(29 Sep 2021, 4:57 pm)deanmachine wrote The thing is, where do you stop on services to Team Valley? When I went to college there about 10 years ago, I was completely fine getting the X34 from the Nook or going to Shields to get the Metro then swapping to the 94 to Kingsway. Do we give people a direct bus from Harton Nook? I had classmates from Burnopfield, Ryton, Whiteleas, Washington, East Herrington, I know a few people who work on the Valley too from random areas of the North East too, none of them had direct buses. Yet when I see the workers services they're only ever carrying half a dozen people so where do you run a service from? I honestly don't know how you would route buses to these places where people work that would actually tempt people who think travelling to Gateshead and changing was too much hassle for them. Most of them seem to travel around most of an area to get enough passengers to justify, and in doing so it turns people away because it's quicker for someone in Sunderland to get the Metro or X24 to Gateshead and switching onto a 94 rather than travelling slowly across most of the Sunderland area on the 939 before heading to the Valley.
I know there's other examples too where I know people locally work such as Quorum, Cobalt or Doxford Park.
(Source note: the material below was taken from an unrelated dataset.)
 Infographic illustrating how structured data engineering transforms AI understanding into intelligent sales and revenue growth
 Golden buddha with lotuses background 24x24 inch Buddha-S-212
Apparently there used to be a South Shields GNE depot operated bus that went from Shields around some estates onto the A19 at Lindisfarne Roundabout straight to Doxy, would that type of service be justifiable in the current climate? I don't think so.
I'm hoping this new enhanced bus partnership means services like this could be brought back and maybe entice people out of their cars? I doubt it though, and commercial operators are certainly not going to introduce services like this any time soon. People like my mate who works at the Valley and lives in Harton would rather sit in traffic in his car than go anywhere near a bus. Moving to electric cars at least will reduce localised pollution but congestion is only going to get worse for everyone.
Agree with all of this and especially the last point. Congestion is going to be made much worse by reducing car lanes (increasing congestion) to create bus priority measures, without fundamental changes to the way operators work (which is not going to happen when profit is king and providing a public service is secondary). Martijn has been clear in a recent briefing that the future for buses is on high usage, mass transit - so run from X to Y and if you happen to live in Z or A to W, tough/walk/change potentially multiple times or modes of transport. Improving journey times might result in marginal gains by tempting more people who live on or close to the X to Y route that is sufficiently profitable for the operator to service, but will do nothing for the majority - those people making the myriad other journeys which will continue to be made in the car, just crammed into one lane instead of two. The danger is the extent to which this stupid approach of making the bus more attractive relative to the car only really by deliberately worsening car journey times is pushed, risks breaking the entire transport system (so-called public, as well as private).